В тот день, когда я впервые пришел к Хиггсу, в Эдинбурге был в полном разгаре ежегодный международный фестиваль, который и привлек когда-то давно, в далеком 1949 году, его в этот шотландский город. У старого ученого были планы на вечер, и время беседы истекало — он собирался посетить вечер мадригалов Монтеверди. Беседа наша закончилась, и я направился к дверям. Уже покидая дом Хиггса, я спросил, что бы он испытал, узнав, что ученые все-таки нашли его бозон. “Я бы почувствовал облегчение, — ответил он. — Путь к этому открытию был так долог...”
ПослесловиеБолее года прошло с тех пор, как начались поиски новых законов физики на Большом адронном коллайдере, спрятанном под зелеными полями в пригороде Женевы. Машина продемонстрировала великолепные характеристики, превзошедшие самые смелые ожидания конструкторов. На момент написания этих строк (ноябрь 2011 года) LHC побил рекорд по числу зарегистрированных столкновений — их ученые получили даже больше, чем могли мечтать.
Но как насчет бозона Хиггса? Для всех, кто участвует в поиске, это было интересное, но вместе с тем и тревожное время. Они не нашли доказательств того, что частица существует, но вплотную приблизились к окончательному решению. Охотники за частицей Хиггса — не единственные, кто пребывает в состоянии ожидания. На БАКе зарегистрировано четыреста триллионов протон-протонных столкновений, и все они без исключения лишь подтверждают уже известные физические законы.
Не раз появлялся намек на то, что бозон Хиггса — реальность.
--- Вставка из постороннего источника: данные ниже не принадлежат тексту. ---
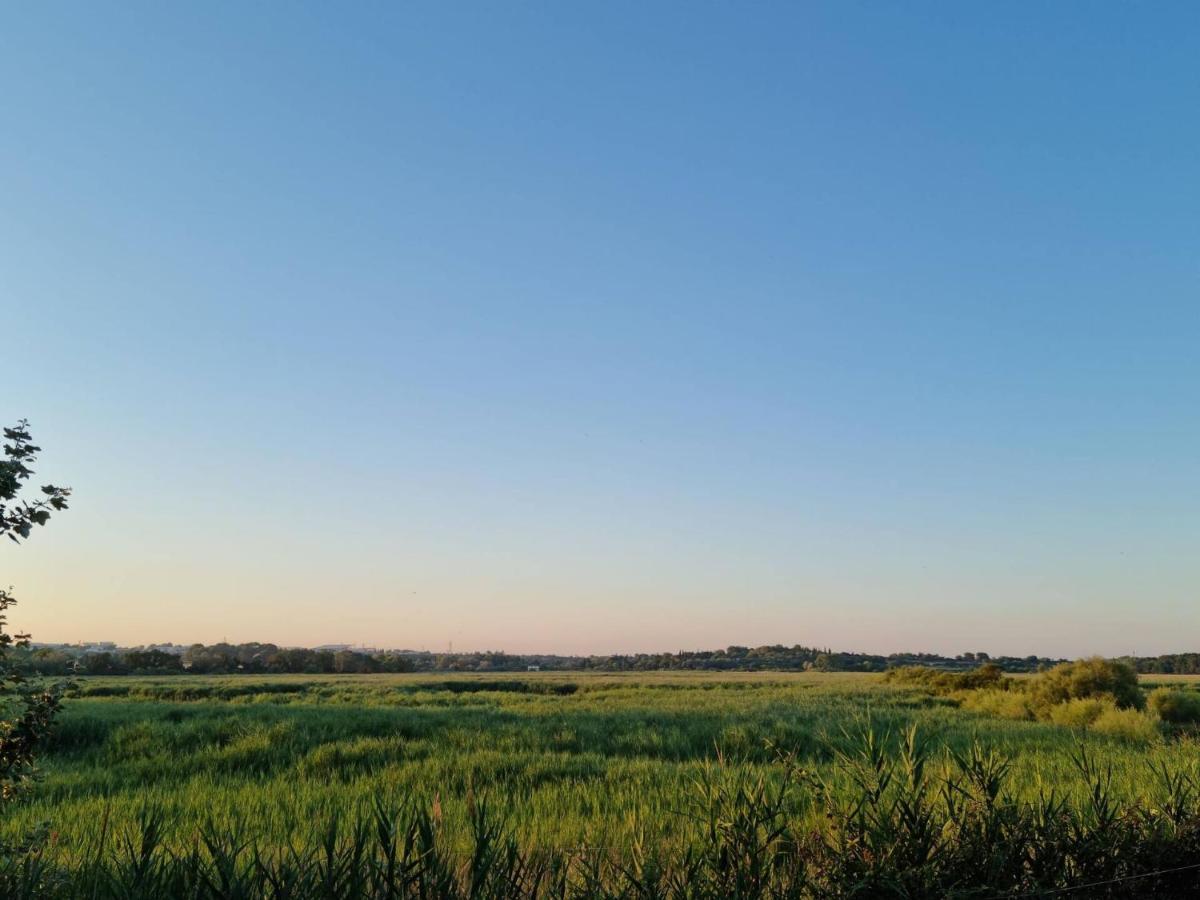Gites De L'Estagnol Villeneuve-les-Maguelonne Bagian luar foto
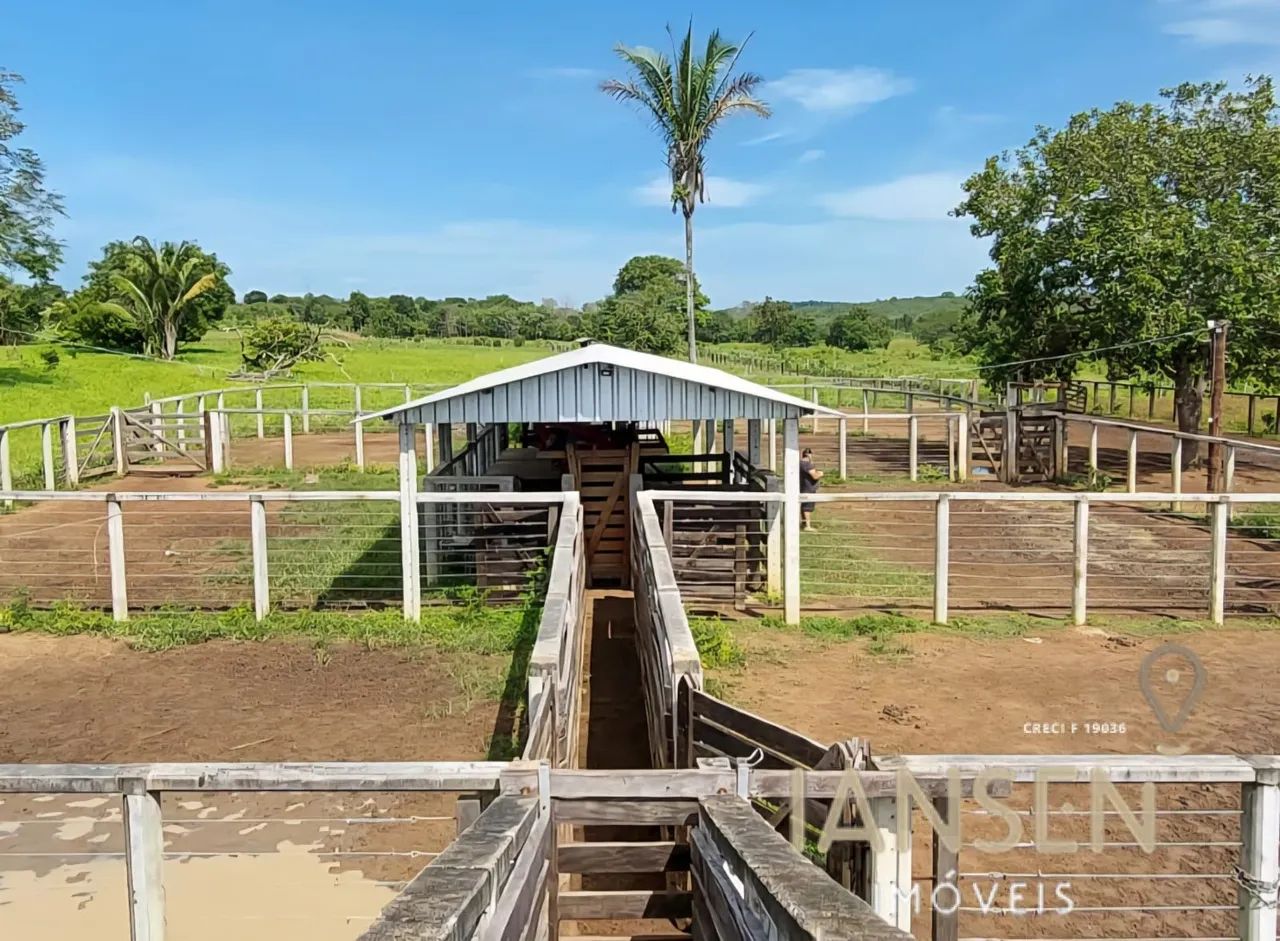 Fazenda 6 anos de prazo avalia permuta  - Foto 2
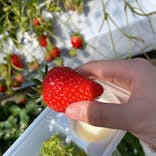 お陽様農園に投稿された画像（2022/3/7）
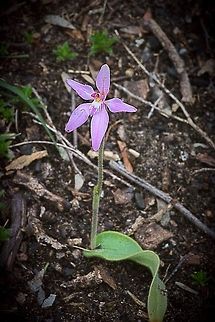 Pink Fairie Orchid- showing stem and leave size  Caladenia latifolia,Pink Fairy Orchid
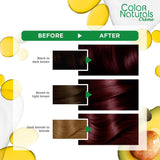 Garnier Color Naturals Hair Dye Deep Cherry Red 4.62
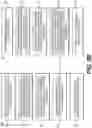 Fig. 06 - Systems and methods for processing digital images for radiation therapy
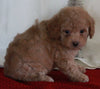 Bichpoo For Sale Fredericksburg OH Female-Tammie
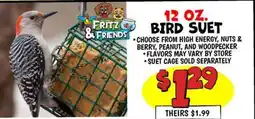 Ollie's BIRD SUET offer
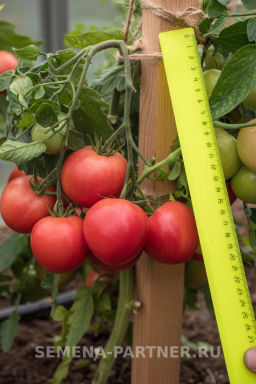 Томат Лимеренс - Партнер фото 6
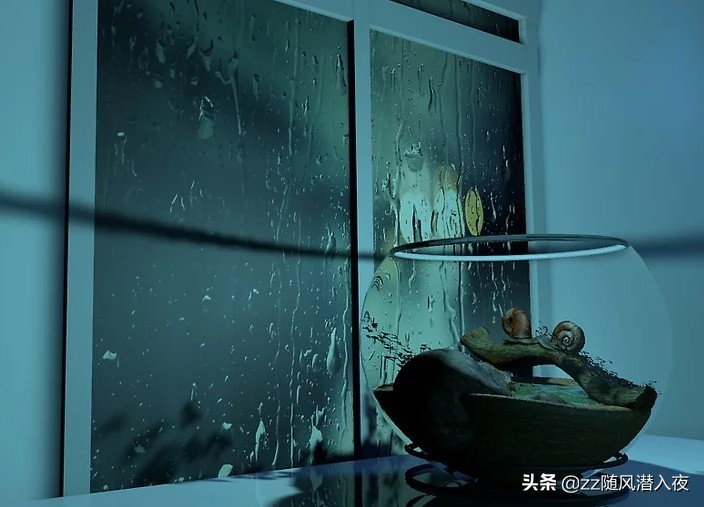 饲养蜗牛记录,如何饲养蜗牛蛋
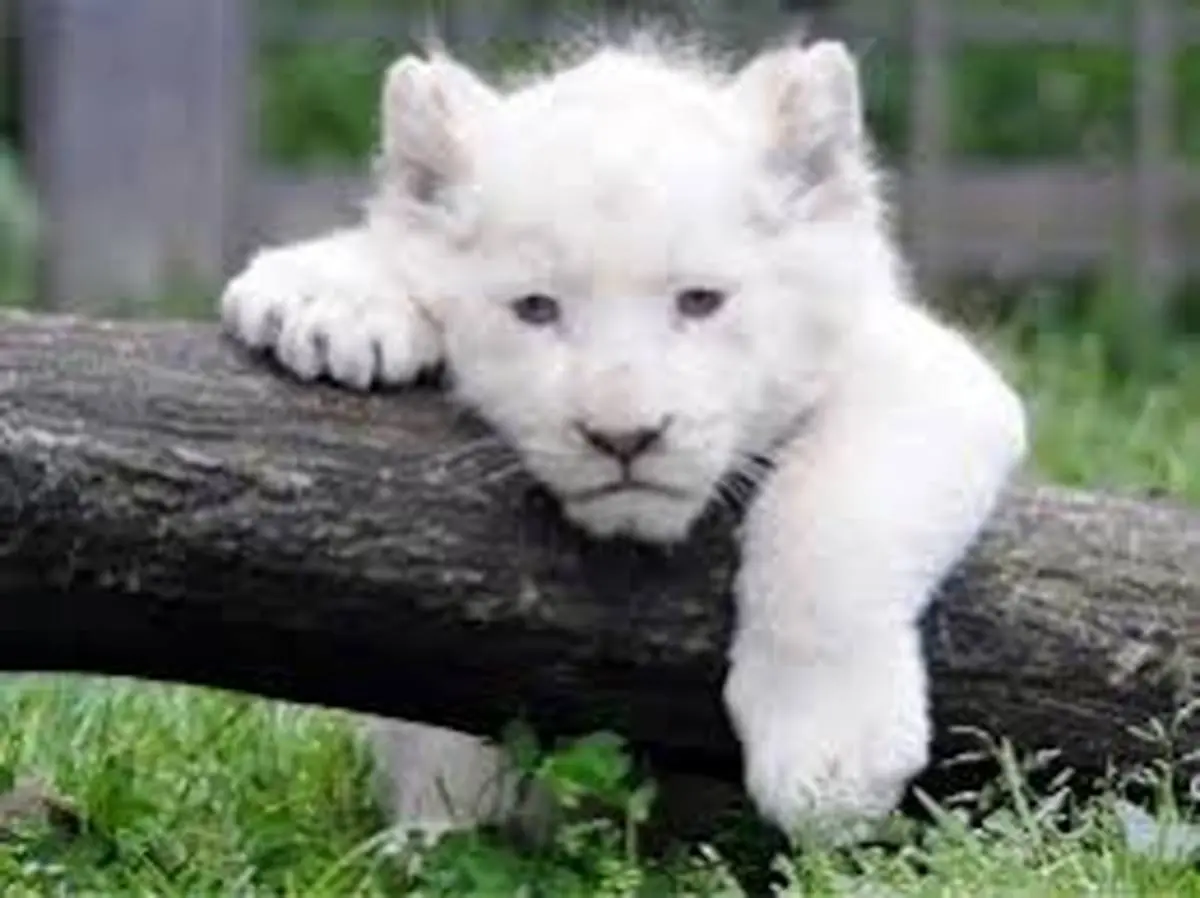   حیات‌وحش |در باغ وحش هویزه  بچه شیر سفیدتلف شد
В июле 2011 года команды многофункциональных детекторов “Атлас” и CMS сообщили о сигналах, которые, возможно, были первыми следами неуловимой частицы. Волнующая новость кругами разошлась по всему миру, но пьянящее ощущение близкого открытия длилось недолго. Через месяц сигналы исчезли, а сомнения в том, что они были вызваны частицами Хиггса, остались.
Однако кольцо вокруг этих частиц быстро сжимается. Область энергий, где они могут скрываться, сократилась — исключен интервал масс от 145 до более чем 460 GeV. Таким образом, если бозон Хиггса существует в простейшем виде, описываемом Стандартной моделью, то есть в виде единственной частицы, для него остался только тонкий интервал масс от 115 до 144 GeV.
Перед тем как LHC был построен, физики подозревали, что частица Хиггса, если она все-таки существует, скрывается на нижнем крае оставшегося диапазона масс. Они знали также, что эта область — самая трудная для поисков, потому что в этом же диапазоне лежат массы еще множества субатомных частиц, и в трековых дебрях разобраться очень нелегко. Все, что ученые могут сделать, — это сталкивать как можно больше частиц и надеяться, что со временем неуловимая частица проявится на фоне других осколков.